相手方 有限会社愛知鍛工所 代表取締役 浅野治三郎 外三名

主文

本件抗告を棄却する。

抗告費用は抗告人の負担とする。

理由

抗告の趣旨ならびに理由は別紙記載のとおりである。

併し競売法に依る不動産競売手続においてたとえ競落許可決定が確定した後であつても少くとも競落人においてまだ競落代金を完納しない限り、其の後基本たる抵当債権が更改により消滅したときは債務者は右消滅を理由として競売手続開始決定に対し異議の申立をなしその取消を求めることができるものと解する(昭和十年(ク)第七四〇号同年七月十一日大審院決定大審院民事判例集第十四巻一三七二頁以下参照)。そして抗告人主張一のとおり原審が事実を確定したこと及び本件競落許可決定は確定はしたが未だ競落代金の支払がなされていないものであることも原審が事実として確定したことはいずれも本件記録に徴し明白であるから、原審が債務者の右債権消滅を理由とする本件異議の申立を認容し競売手続開始決定を取消し本件競売の申立を却下したのは相当であつて所論は前説示と相反する見解に立脚して原決定を非難するに過ぎないから採用出来なく、又其の援用に係る大審院裁判例は本件に適切なものでないから所論を支持するの資料とならない。

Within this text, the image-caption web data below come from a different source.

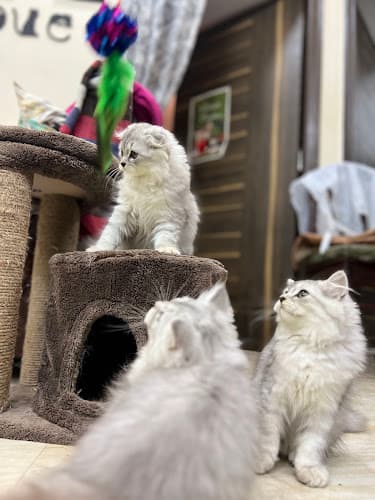 Fatima pet Grooming and boarding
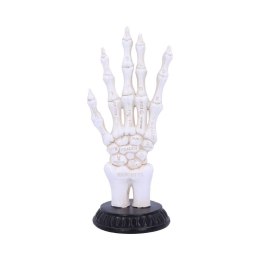 Skeletal Palmistry 22.8cm - czytanie dłoni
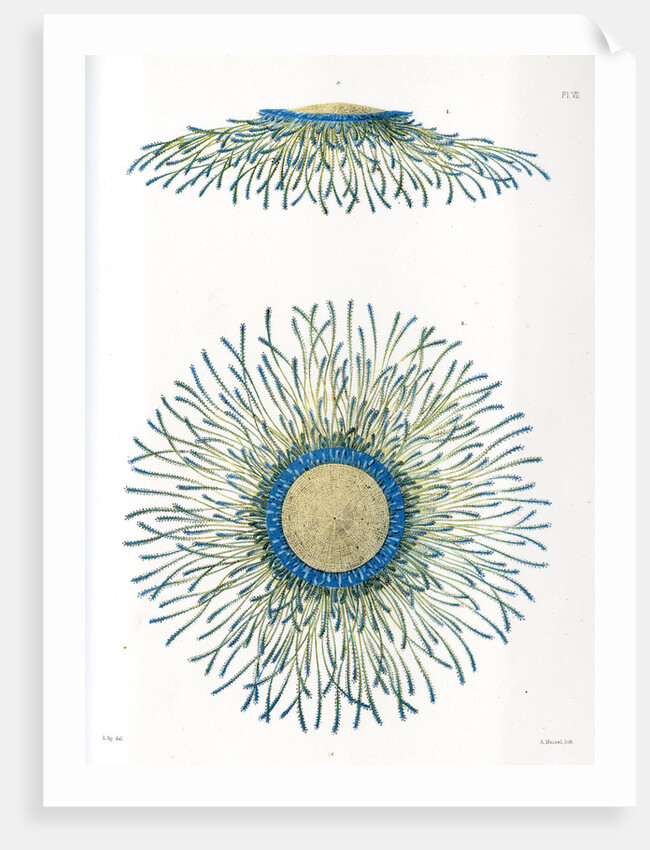 Blue button jellyfish by A Meissel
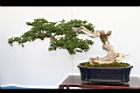 恆春臭黃荊-盆栽07.JPG
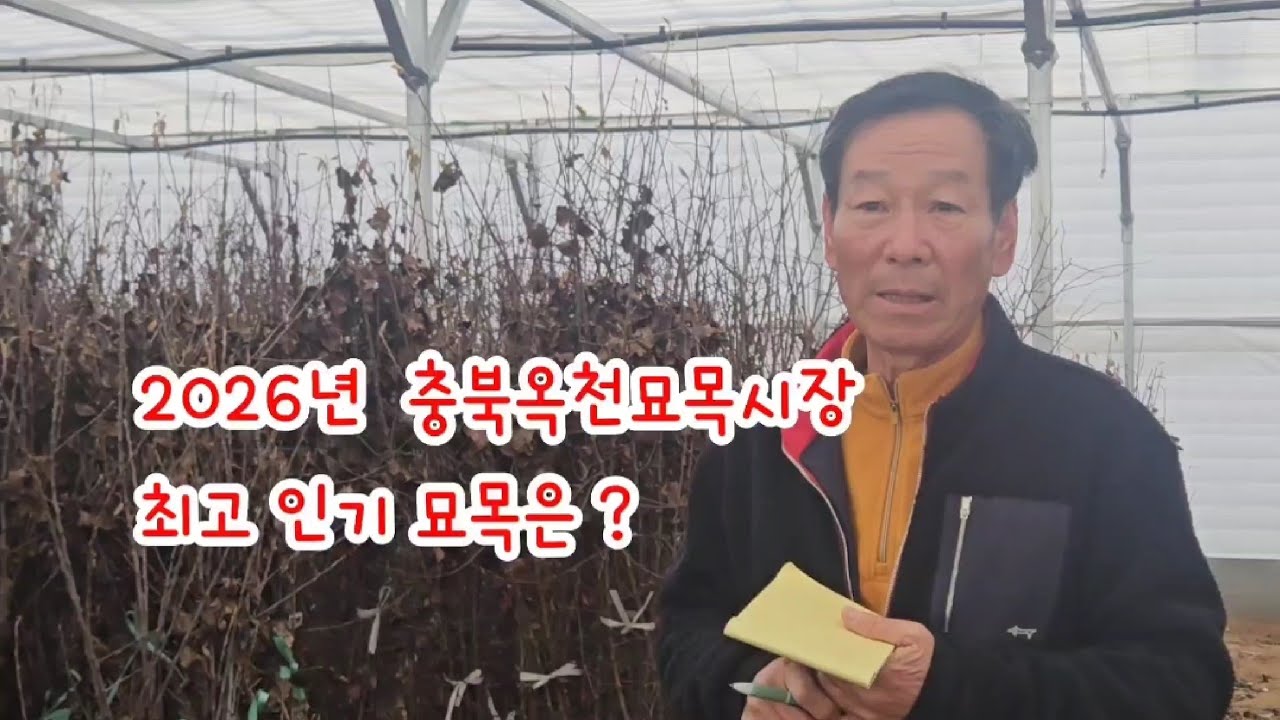 국내 최대 묘목시장 옥천 중앙농원 유실수 도매가격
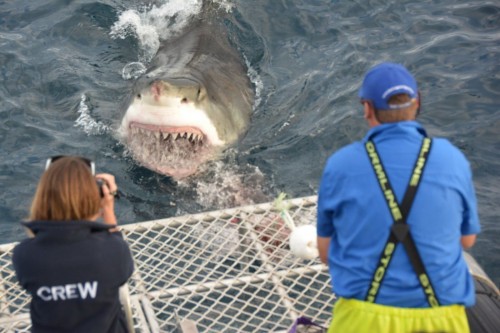 hornoxe.com_picdump316_144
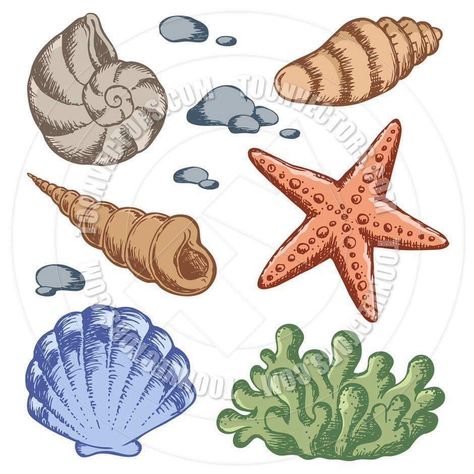 Shells Drawings, Seashell Drawing, Under The Sea Clipart, Sea Clipart, Ocean Clipart, Shell Drawing, Ocean Drawing, Clip Art Pictures, Seashell Painting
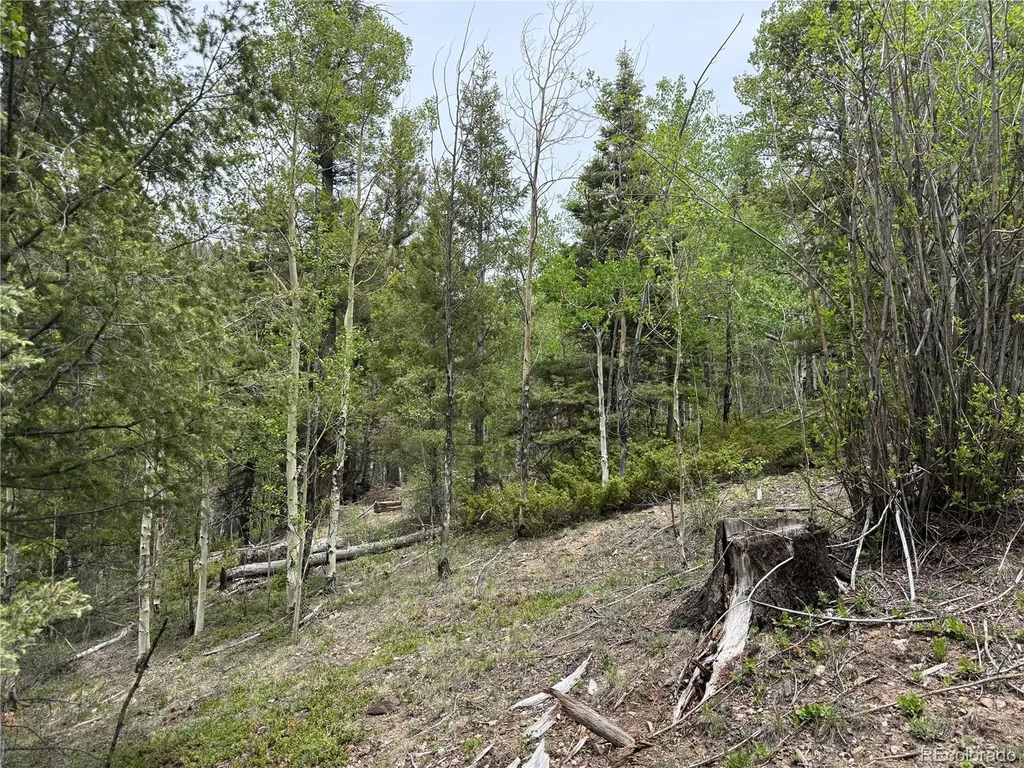 Lot 6795 Starkweather Road Fort Garland CO 81133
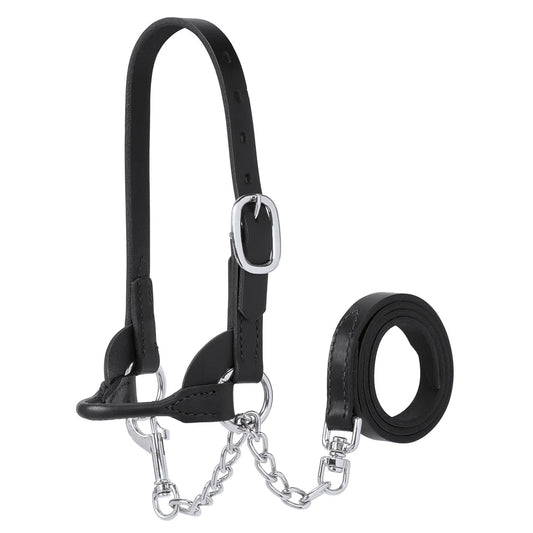 Bucket Calf Show Halter, Black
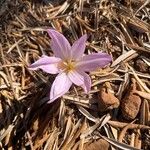 Colchicum filifolium花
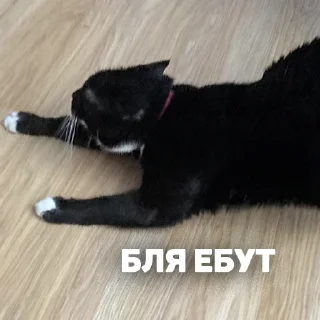 животное кошки малого и среднего размера млекопитающее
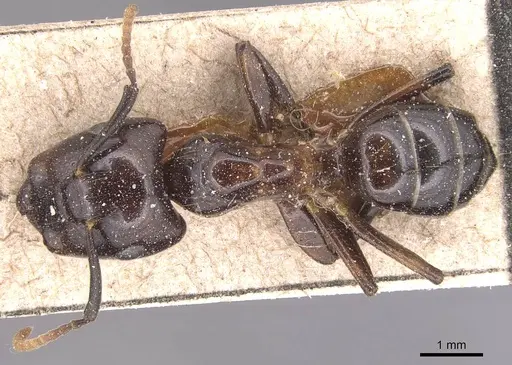 Camponotus beccarii specimen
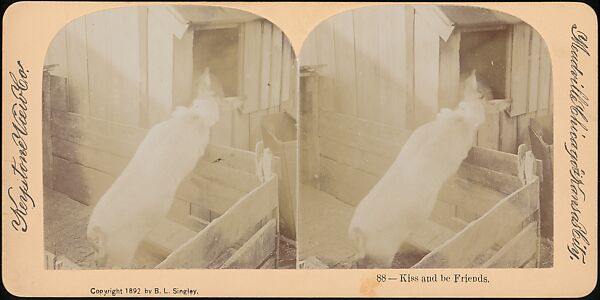 [Group of 107 Stereograph Views of Animals], Keystone View Company, Albumen silver prints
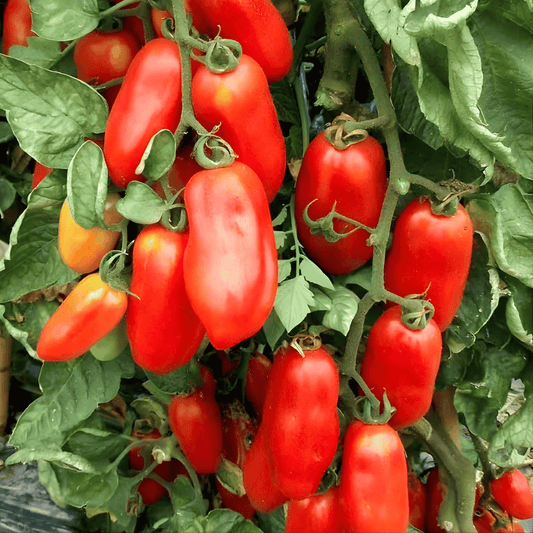 Grow San Marzano Tomatoes from Seed Australia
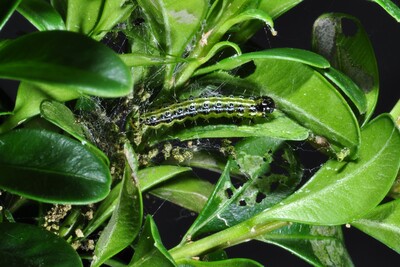 Raupe des Buchsbaumz&uuml;nslers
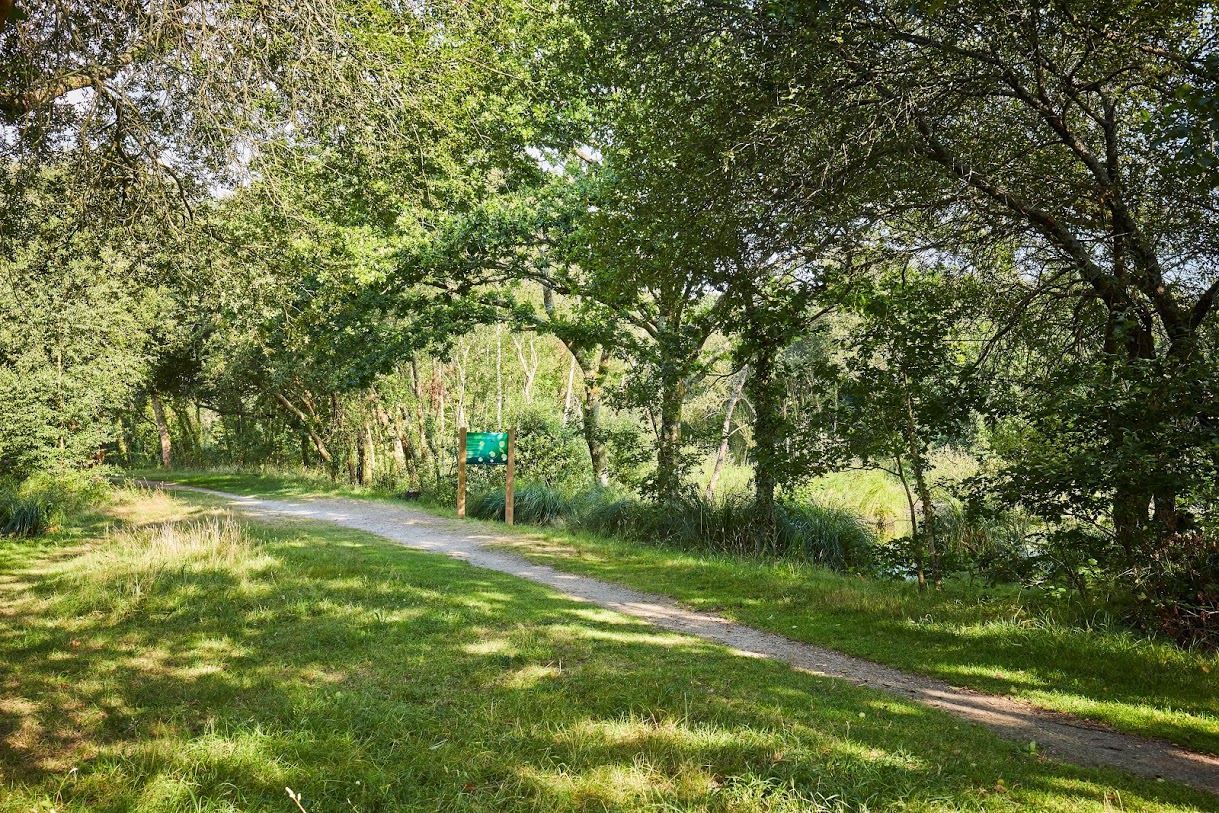 paysage foret morbihan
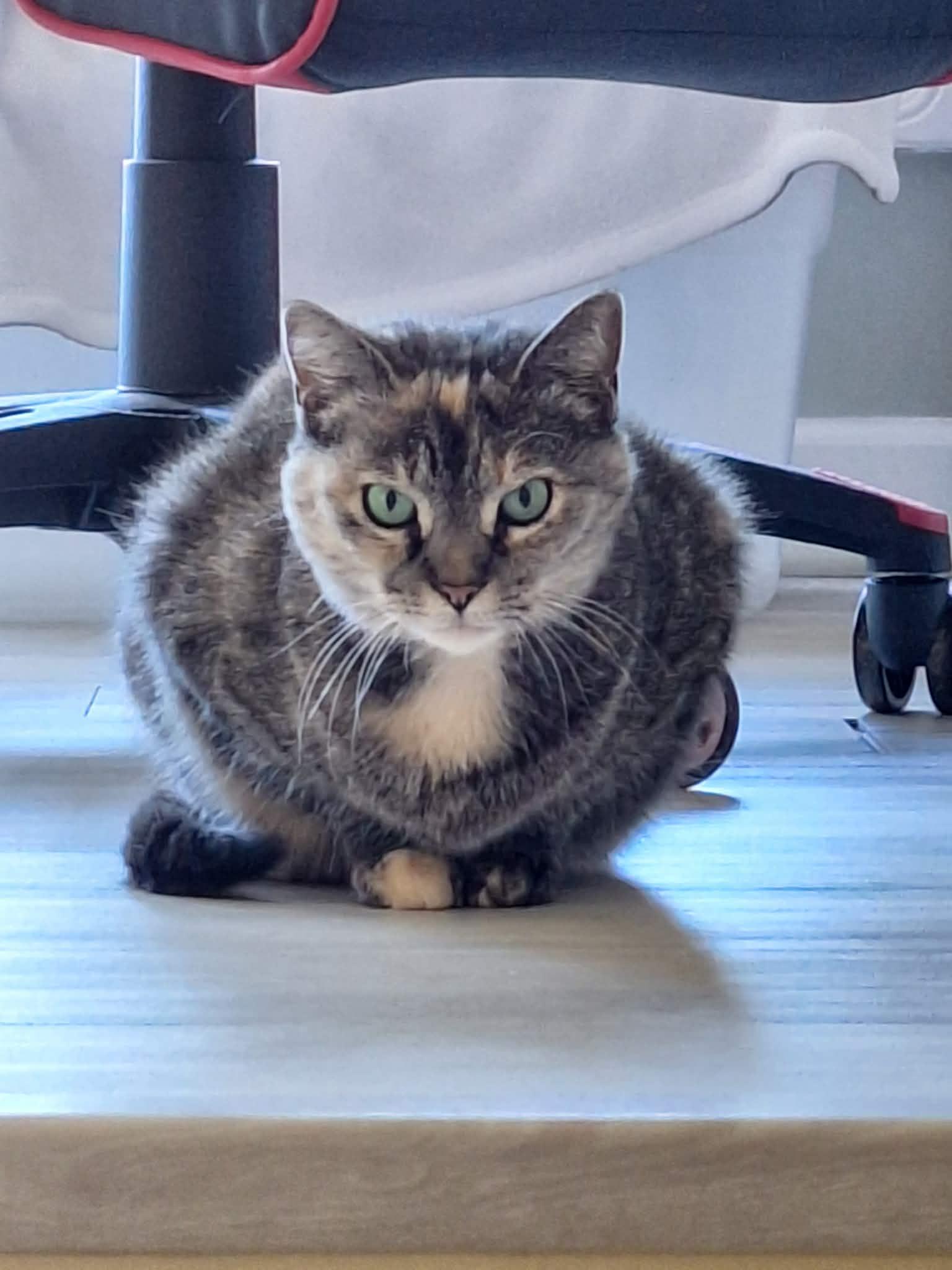 Enlarge Daisy , a ADOPTABLE Calico in Granite Falls, NC image 5/6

よつて本件抗告は理由がないからこれを棄却することとし、民事訴訟法第四一四条、第三八四条、第九五条、第八九条により主文のとおり決定する。

(裁判長判事 県宏 判事 越川純吉 判事 奥村義雄)

抗告の趣旨および理由

原決定を取消す。

相手方有限会社愛知鍛工所及び浅野治三郎の名古屋地方裁判所昭和二九年(ケ)第一六九号不動産競売手続開始決定に対する異議申立は却下する。

右決定を求む。

一 原決定の確定した事実に拠れば相手方銀行は抗告外合資会社浅野商店に対する債権及び抵当権に基づき昭和二十九年十一月名古屋地方裁判所に対し別紙目録記載の不動産の競売申立をなし同庁は同年十一月十八日不動産競売手続開始決定をなしその後手続は順次進行して昭和三十二年七月二十六日の競売期日に本件不動産は競落され同年七月三十一日これが競落許可決定がなされたが右抗告外会社は該決定に対する抗告の申立をなし更に再抗告の申立をなしたけれども昭和三十三年三日三十一日右抗告は却下され確定するに至つた。然しながら相手方有限会社及び浅野治三郎は相手方銀行と交渉した結果昭和三十三年四月十日に従前の債務者たる右抗告外会社の債務を相手方浅野治三郎個人にて負担するとの債務者の交替に因る更改契約を締結して旧債務を消滅させたもので同年四月三十日これが登記手続を了したと謂うに在り。

二 而して原決定は競落許可決定は確定してもその後競売申立の基本たる債権が消滅したからとして競売手続開始決定を取消し相手方銀行の競売申立を却下したのである。

三 ところで抗告人は当該不動産の競落人であるが次のような大審院の裁判例に着目されたい。すなわち競落許可決定はその確定の後は取消の訴若くは原状回復の訴の要件を理由として抗告をなすにあらざればこれを取消すことを得ざること競売法第三十二条第二項民事訴訟法第六百八十一条により明らかにして競落許可決定を取消すことを得ざる以上は競売手続の進行を阻止するに由なきを以て仮令競落許可決定の確定前に債務弁済の事実ありとするもその確定後においてはこれを理由として競売手続に対し異議を申立つることを得ざるものと謂わざるべからず(大正九年(ク)第九一号同年七月二十六日第二民事部決定)しかし抗告人と雖もこの裁判例は少し行過ぎとおもうのであり競売許可決定の確定前に当該競売申立の基本たる債権又は抵当権が存在しなかつたときは全ての競売手続が終結に至つていない限り競売手続に対する異議の申立は競落許可決定の確定後と雖もできるものとしなければならないと考える。

四 けれども本件は競落許可決定の確定後迄当該競売申立の基本たる債権及び抵当権の現実に存在したことは明らかな場合にして只右確定後に債権者兼抵当権者たる相手方銀行と債務者との間に随意に債務者の交替に因る更改契約をなして本来の旧債務を消滅に帰せしめたがために権利と責任とを帯有してきた競売人が一顧の価値もなく振り払われる結果になるような解釈の仕方は間違つていると信ずる。

五 現に競売申立の取下については競売法第二十三条に申立人は競落期日迄は最高価競買申込人の同意ある場合に限りその申立の取下をなすことを得と規定しこれに関し大審院は次のような裁判例を下しているすなわちこの規定は申立の取下が申立人自己の意思に出づると債務者その他の請求に基くとを問わず又競落を許すべからざる適法の理由ある場合なると否とに拘わらざる法意なれば競売申立の基本たる権利が消滅に帰したる場合においても申立人は最高価競買申込人の同意あるにあらざればその申立の取下をなすことを得ざる筋合なり(大正八年(オ)第九二六号同九年三月一日第二民事部判決)。要するに債権者一己の或いは債権者及び債務者の恣意に因り最高価競買申込人乃至競落人の権益を害すべからざる精神を顕揚しているのである。

六 左れば原決定は法律の誤解に出でられたものであるから取消し且つ相手方有限会社及び浅野治三郎の異議申立は却下さるべきである。